Erschrocken sah mich mein Vater an.
„Du brauchst auch gar nicht so gucken. Ihr habt zugelassen, dass ich gefoltert werde. Ihr habt zugelassen, dass eure eigenen Tochter gefoltert wird!" schrie ich meinen Vater an.
„D/N-"
„Nein! Ich will nie wieder auch nur ein Wort von euch hören!"
„Du solltest vielleicht mit deiner Mutter reden. Ihr geht es nicht besonders gut. Sie ist krank." die Stimme meines Vaters war ziemlich ruhig.
„Dann soll sie zu einem Heiler gehen!" zischte ich, als ich die Küche verließ und wieder zurück in mein Zimmer ging.
Als ich wieder in meinem Zimmer angekommen war schlug ich die Tür hinter mir zu und verschloss sie magisch.
Ich schluckte meine Tränen hinunter. Ich wollte nicht weinen. Nicht schon wieder.
Wutentbrannt schloss ich meine Augen.
—————
In den vergangene Wochen hatte ich, wie ich es gesagt hatte, kein einziges Wort mit meinen Eltern gewechselt.
Meine Tante Olivia Harrison und mein Cousin Luke Harrison waren vor ein paar Tagen bei uns eingezogen, da es meiner Mutter nicht gut ging.
Jeden Tag kamen viele Heiler in mein Haus und behandelten meine Mutter.
Trotz allem sprach ich noch immer kein Wort mit ihr.
Ich sprach allein mit meiner Tante oder meinem Cousin.
„Bist du sicher, dass du nicht mit deiner Mutter reden willst?" fragte mich Luke, als wir in meinem Zimmer saßen.
Wie auch in den vergangen Wochen, war mein Blick ernst. „Wenn Olivia zugelassen hätte, dass du gefoltert wirst, würdest du dann noch mit ihr reden?"

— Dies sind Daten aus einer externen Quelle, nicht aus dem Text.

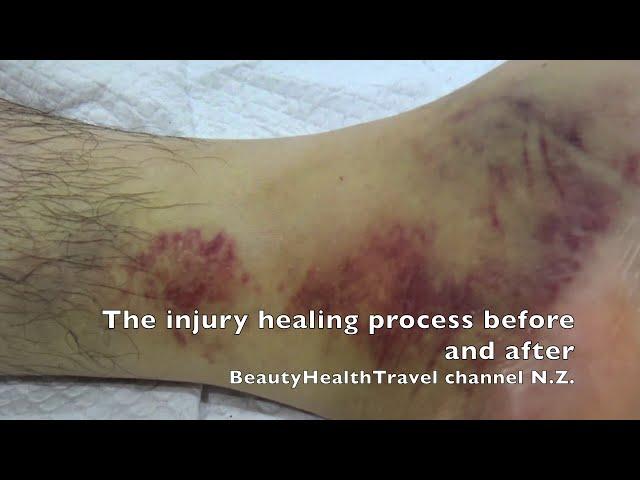 Injury healing home remedy before and after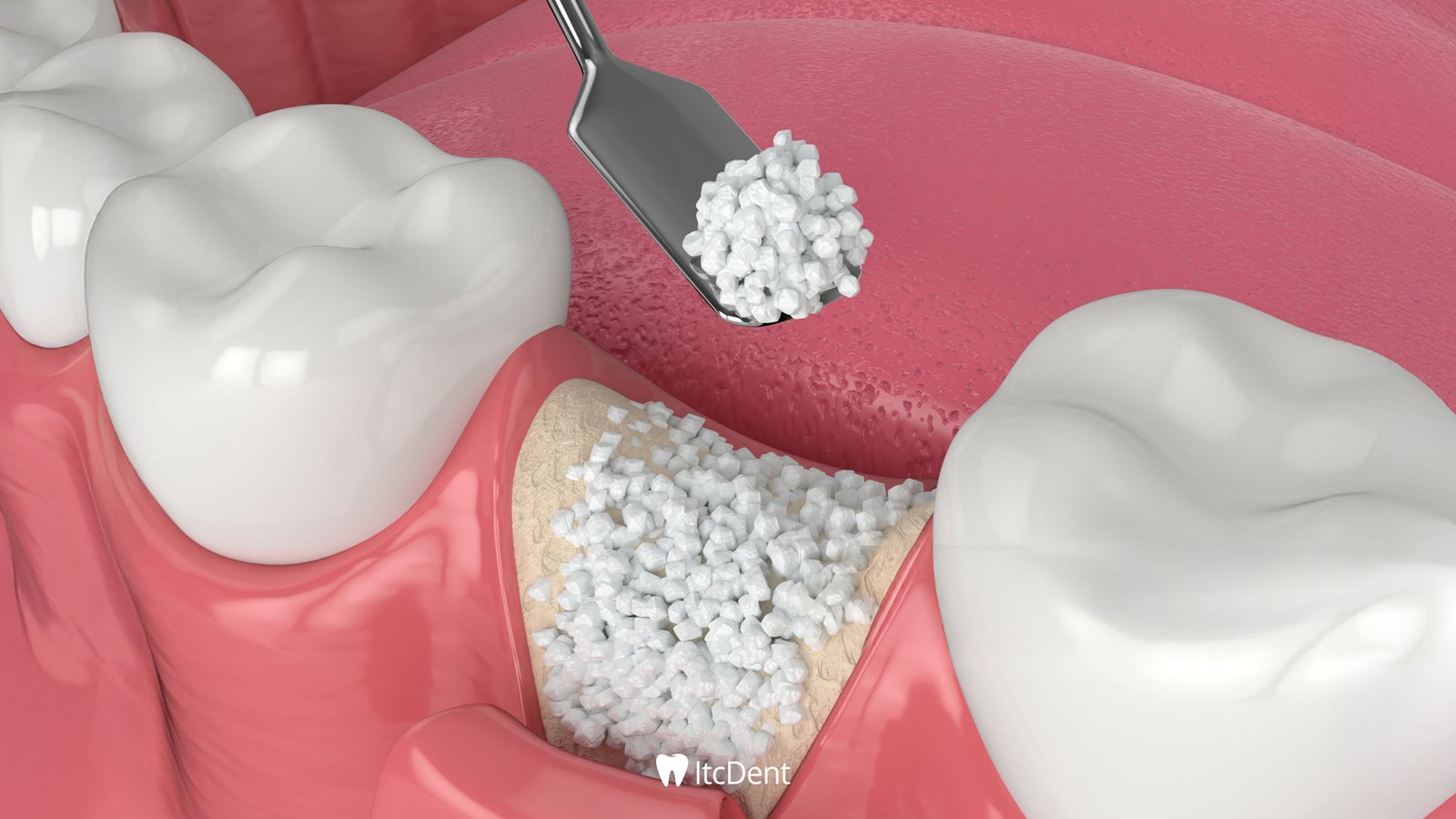 What is Bone Graft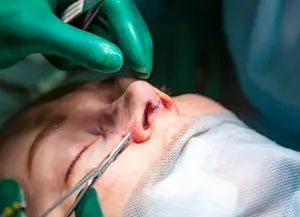 Rhinoplasty surgery day in Istanbul hospital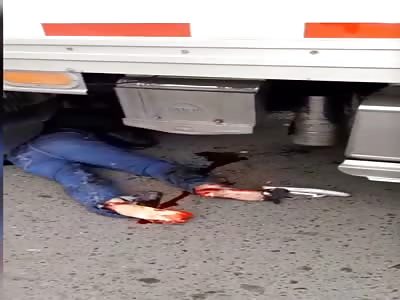 Terrible accident in which a motorcyclist loses one of his legs when being run over by a heavy vehicle.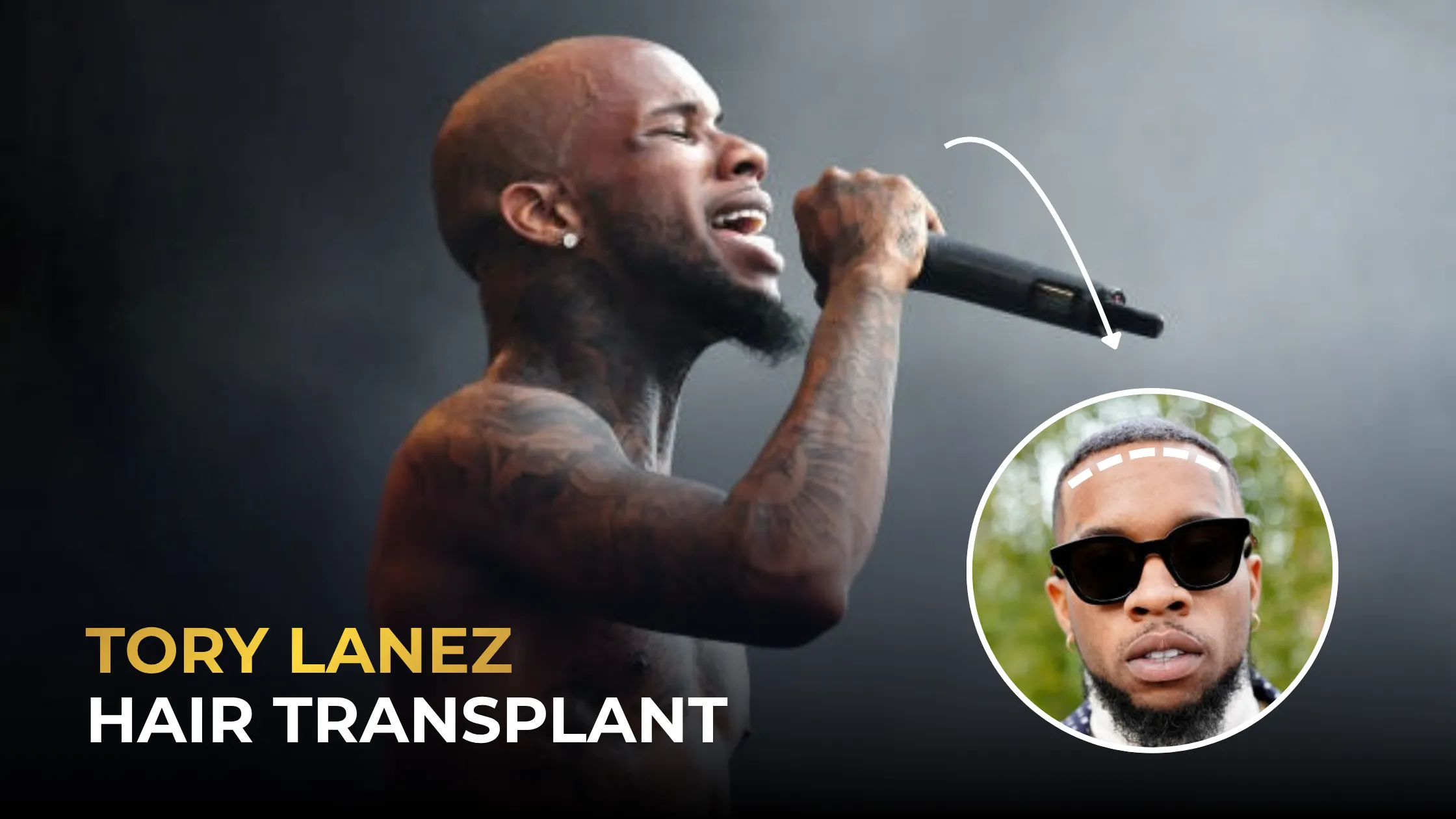 Tory Lanez Hair Transplant: Before & After, PRP & Facts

„Vermutlich nicht, nein." schüttelte Luke mit dem Kopf.
Ein Klopfen an meiner Tür unterbrach unser Gespräch.
Mein Vater betrat mein Zimmer.
Blitzschnell griff ich nach meinem Zauberstab und verschloss meine Tür magisch. Was dazu führte, dass mein Vater aus meinem Zimmer gezogen wurde.